TRAFFIC LAW - OFFENCES - PARTICULAR OFFENCES - MISCELLANEOUS ROAD RULES - USE OF MOBILE PHONES
MAGISTRATES - APPEAL AND REVIEW - SOUTH AUSTRALIA - APPEAL TO SUPREME COURT - POWERS OF COURT - REMISSION FOR REHEARING
Appeal against sentence imposed by a Magistrate.
The defendant pleaded guilty to using a mobile phone while driving. She applied for a reduction in demerit points on the ground that the offence was trifling or other proper cause existed. The Magistrate dismissed her application without hearing evidence.
The defendant appeals against the refusal of the Magistrate to reduce the number of demerit points on the ground that his failure to hear evidence comprised a serious departure from an essential requirement of the law or prejudiced her prospects of a reduction being made.
Held (allowing the appeal):
1. The failure of the Magistrate to hear evidence comprised a serious departure from an essential requirement of the law (at [27]-[29]).
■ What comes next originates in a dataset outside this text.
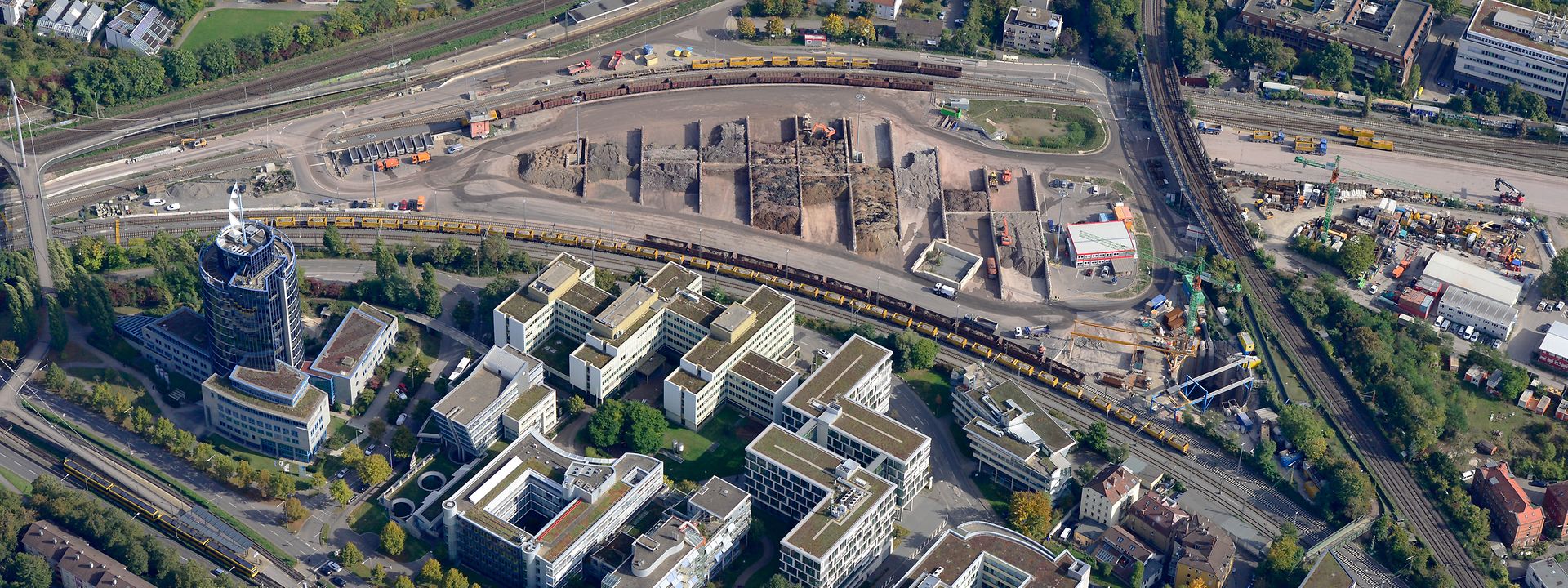 Die Boxen der zentralen Baulogistik sowie der Zwischenangriff Nord des Tunnels Bad Cannstatt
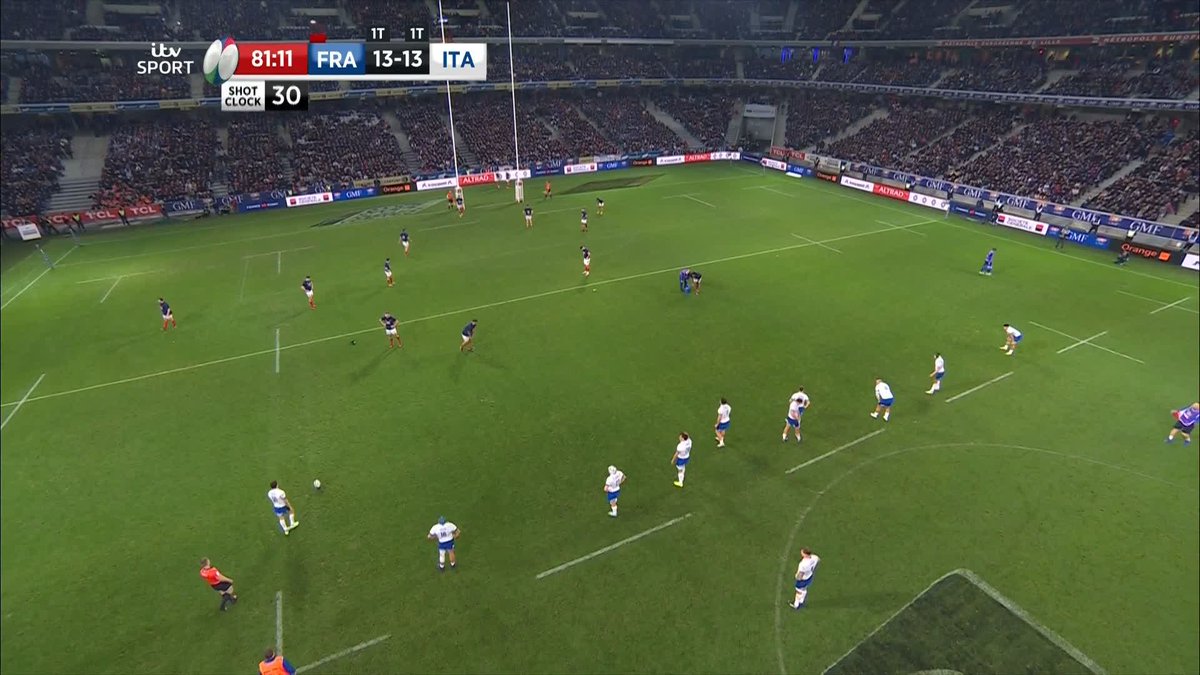 😲 UNBELIEVABLE DRAMA! Paolo Garbisi's 82nd-minute penalty hits the post to deny Italy a historic win in France! Heartbreak for the visitors 💔 #GuinnessSixNations | #FRAvITA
2. The failure of the Magistrate to hear evidence was in any event capable of affecting his decision such that it cannot be said that there has been no miscarriage of justice as a result of that failure (at [36]-[37]).
3. Appealed allowed. Order refusing a demerit point reduction set aside. Matter remitted to the Magistrates Court to hear and determine the application on the basis of evidence on oath (at [38]).
Criminal Law Consolidaton Act 1935 (SA) s 353(1); Criminal Law (Sentencing) Act 1988 (SA) ss 15, 16(b)(iii); Motor Vehicle Act 1959 (SA) s 98B(4); Road Traffic Act 1961 (SA) ss 45(1), 47B(3)(b), 80; Australia Road Rules r 300, referred to.
Black v Police [2013] SASC 115; Dean v Police [2008] SASC 55; Gazepis v Police (1997) 70 SASR 121; Gilbert v Owen (1991) 14 MVR 235; R v Kerr (No 2) [1951] VLR 239; Roberts v Police [2013] SASC 190; Savage v Police [2011] SASC 13; Wilde v The Queen (1988) 164 CLR 365, discussed.
Newton v Laracombe (1989) 38 A Crim R 254; Police v Hughes, Police v Hodge (1996) 89 A Crim R 290; Siviour-Ashman v Police [2003] SASC 29; (2003) 85 SASR 23, considered.
CHAN v POLICE
[2014] SASC 35Magistrates Appeal:
Blue J:
This is an appeal against sentence imposed by a Magistrate.
The defendant, Soo Lee Chan, pleaded guilty in the Magistrates Court to using a mobile phone while driving.[1] She applied for a reduction in the number of demerit points incurred on the ground that the offence was trifling or other proper causes existed to reduce the demerit points.[2]
[1] Australia Road Rules r 300 under the Road Traffic Act 1961 (SA) s 80.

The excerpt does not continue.